First Floor, Fortnum & Mason, 181 Piccadilly, London W1 (15-23 September)

TOM DIXON: ‘ELECTROANALOGUE’
UK designer Tom Dixon hosts ‘Electroanalogue’ at his new HQ and shop The Coal Office in Kings Cross. Expect product launches, live demonstrations and workshops exploring digital innovations and traditional craft, including group show ‘Hyper Real’. Mates on board include Bill Amberg Studio (see below), sound designer Yuri Suzuki, Ege carpets, Kirkby Design, Formica, Spiritland bar and Teenage Engineering showcasing a synthesiser in a Seventies-style disco. The space is part of Coal Drops Yard, a cutting-edge shopping and dining street opening on 26 October with design by Thomas Heatherwick.
The Coal Office, 4-10 Bagley Walk Arches, Coal Drops Yard, Kings Cross, London N1 (15-23 September)

BILL AMBERG: ‘PRINTED LEATHER LAUNCH’ AT TOM DIXON STUDIO
Luxe leather brand Bill Amberg Studio presents a stunning new collection of digitally printed leathers, including British contributions from Faye Toogood, Timorous Beasties and Tom Dixon, and American-based interior designers Alexandra Champalimaud and Natasha Baradaran. It’s a gamechanger for the industry, with patterns spanning colourful sketches, splattered damasks, lace, circles, foil and rock graphics.
The Coal Office, 4-10 Bagley Walk Arches, Coal Drops Yard, Kings Cross, London N1 (15-23 September)

LEE BROOM: ‘OBSERVATORY’
British boy wonder Lee Broom brings his stellar-inspired lighting collection ‘Observatory’ to his Shoreditch showroom, a hit in Milan and New York.

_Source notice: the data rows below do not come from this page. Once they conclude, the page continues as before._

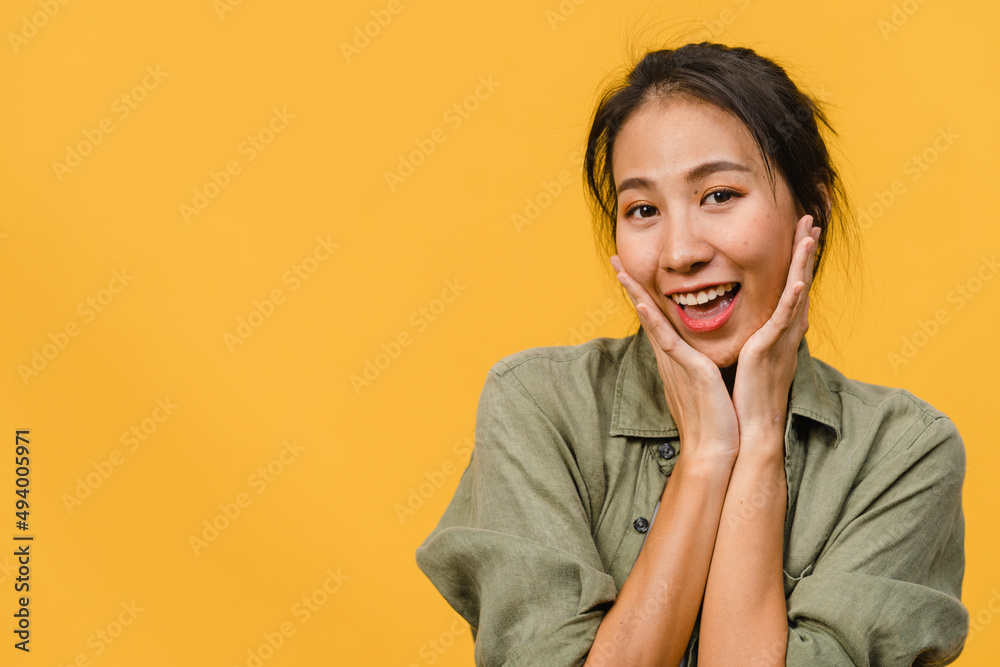 Young Asia lady with positive expression, smile broadly, dressed in casual clothing and looking at camera over yellow background. Happy adorable glad woman rejoices success. Facial expression concept. Young Asia lady with positive expression, smile broadly, dressed in casual clothing and looking at camera over yellow background. Happy adorable glad woman rejoices success. Facial expression concept.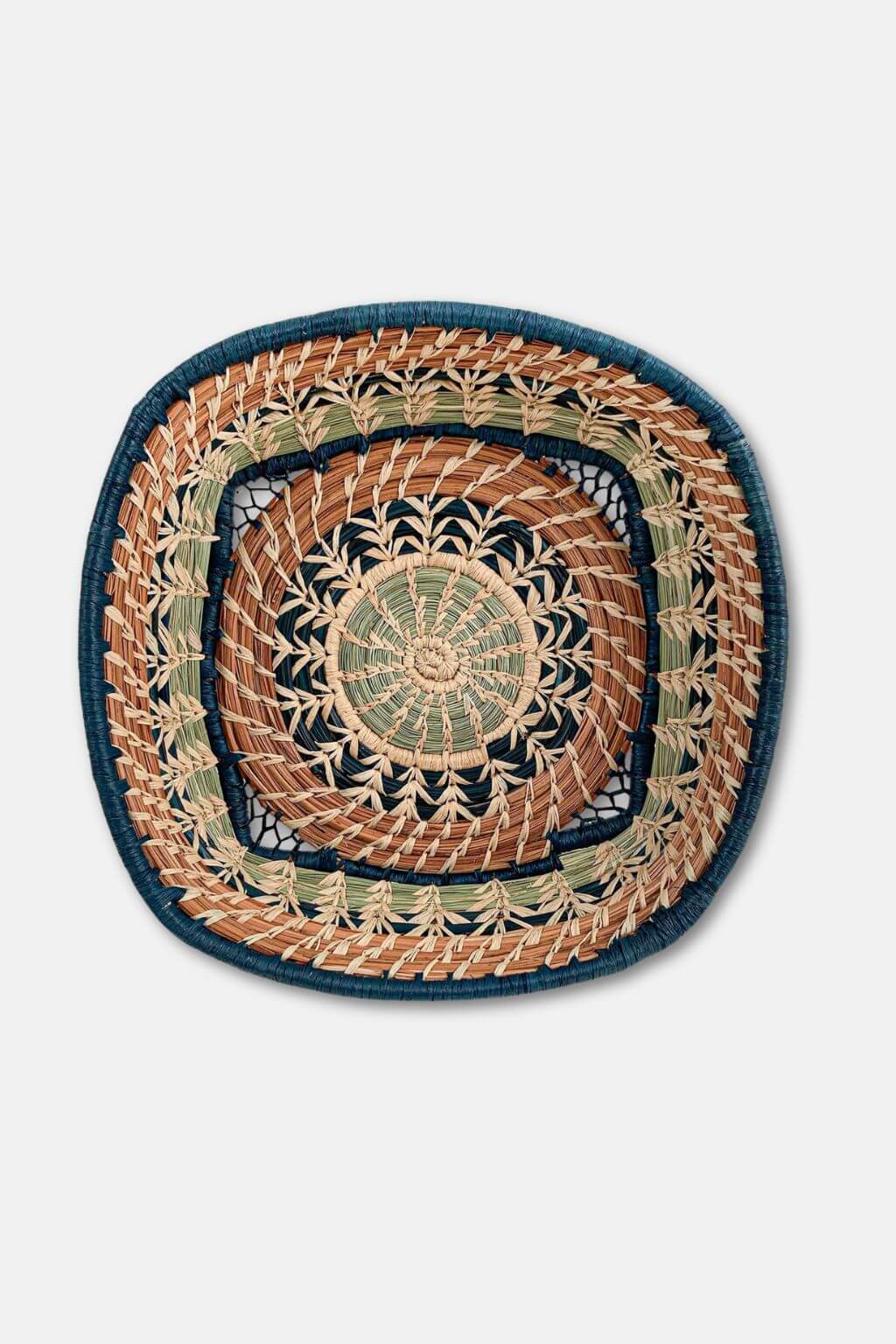 Decorative woven mat with concentric circle pattern on a white background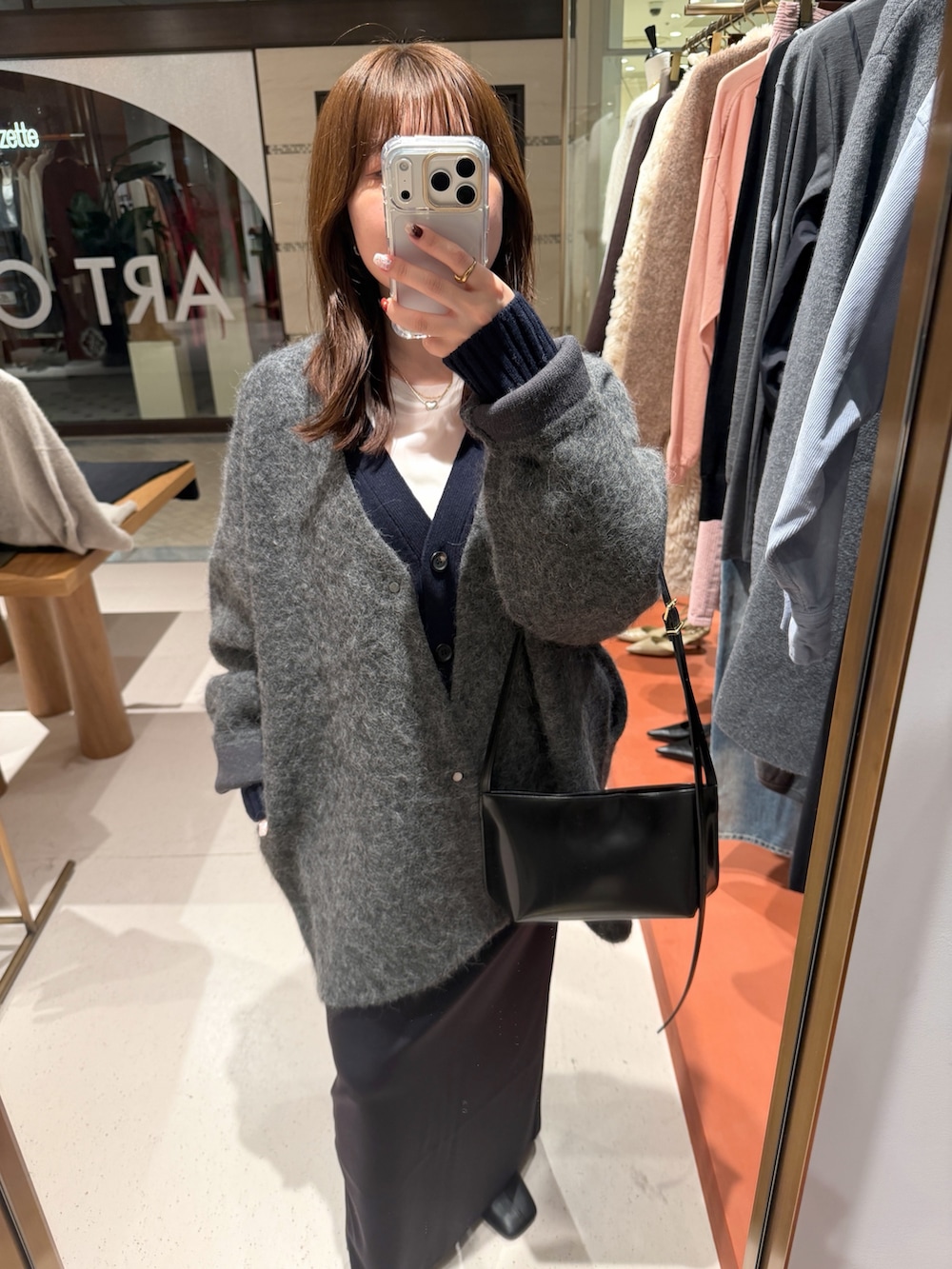 ホワイト系のTシャツ/カットソー、ブラック系のスカート、ブラック系のブーツを着用したレディースの秋コーディネートの5枚目の写真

Playing with vertical and horizontal space, sculptural and spherical form, and light reflection and refraction, the third edition of this glamorous yet ultra-contemporary range includes pendant and table lights, making luxe use of LEDs and bespoke bulbs designed in-house.
Lee Broom, 93 Rivington Street, London EC2 (18-23 September)

HOUSE OF GREY
Book online to see House of Grey’s gorgeous North London pop-up exhibition ‘In the Neighbourhood’, a brilliant edit of local and international designers, artists and makers in two residential settings. Curated by Louisa Grey and Morgwyn Rimel, elegant townhouse ‘The Grey House’ creates a calm atmosphere celebrating texture, neutral tones, handmade craft and natural materials. By contrast, loft-style ‘The Blue House’ occupies a converted Methodist congregation hall, with vibrant, bold colours and eclectic contemporary designs. Furniture, textiles, accessories and lighting are on show, flanked by art and plants. Talents include Henry Wilson, Noorstad, Frama, Muller Van Severen for valarie_objects, Dirk Van Der Kooij and Dinosaur Designs.
By appointment only, North London (15-21 September); for availability check here.

THE CONRAN SHOP
The Conran Shop hosts two cracking shows for LDF18. At the Marylebone Store, ‘The Conran Shop x Carl Hansen’ celebrates on-trend indigo, with exclusive editions of the Danish’s firm’s furniture transformed by the deep blue hue. Think Carl Hansen & Søn’s ‘CH4 Wishbone Chair’ by Hans Wegner with an indigo lacquer and Hiut denim seat pad. A stool and chair by Kaare Klint’s also get the denim treatment. At Chelsea’s Michelin House store ‘The Conran Shop x Pinterest’ features a maze of giant red pins, channelling the social media inspo site, while visitors can Pin and save products as they shop using an app and innovative Near Field technology microchips hidden in tags. Pincodes on display reveal the inspiration behind key designs.
The Conran Shop, 55 Marylebone High Street, Marylebone, London W1; Michelin House, 81 Fulham Road, London SW3 (both 15-23 September)

MATTER OF STUFF
Prepare to be transported by London design research gallery Matter of Stuff. In Kings Cross, their pop-up Concept Gallery at Fenman House has been designed by Raw Edges. Hung with wooden dowels suspended by blue string, the space celebrates materials, finishes and texture, including marble and ceramics. It’s the ideal backdrop to Matter of Stuff’s collection of furniture and lighting (by Bohinc Studio and Uufie) plus a curated mix of global brands including CC-Tapis, Made in Ratio and La Chance. Matter of Stuff also explores blown-glass at site-specific exhibition ‘Blown Away’ at Mayfair restaurant/bar Sketch. Don’t miss the new borosilicate glass ‘Bubble’ chandelier by master glassblower Simone Crestani. Magical.
Fenman House, 5 Lewis Cubitt Walk, Kings Cross, London N1; Sketch, 9 Conduit Street, London W1 (15-23 September)

The ARAM GALLERY
Covent Garden’s The Aram Gallery presents ‘Hilos Invisibles’, a collaboration between Montevideo-born designer Matteo Fogale and seven Uruguayan design studios, including furniture, lighting, mirrors and accessories in brass, glass, wood and concrete. Inspired by the work of modernist Uruguayan architect Julio Vilamajó – a design consultant on New York’s UN Headquarters with Le Corbusier and Oscar Niemeyer – the project was born of a 2017 residency and workshop at Montevideo’s Vilamajó House Museum, built by the architect in 1930, and draws on his architectural design details.
110 Drury Lane, Covent Garden, London WC2 (17 September-27 October)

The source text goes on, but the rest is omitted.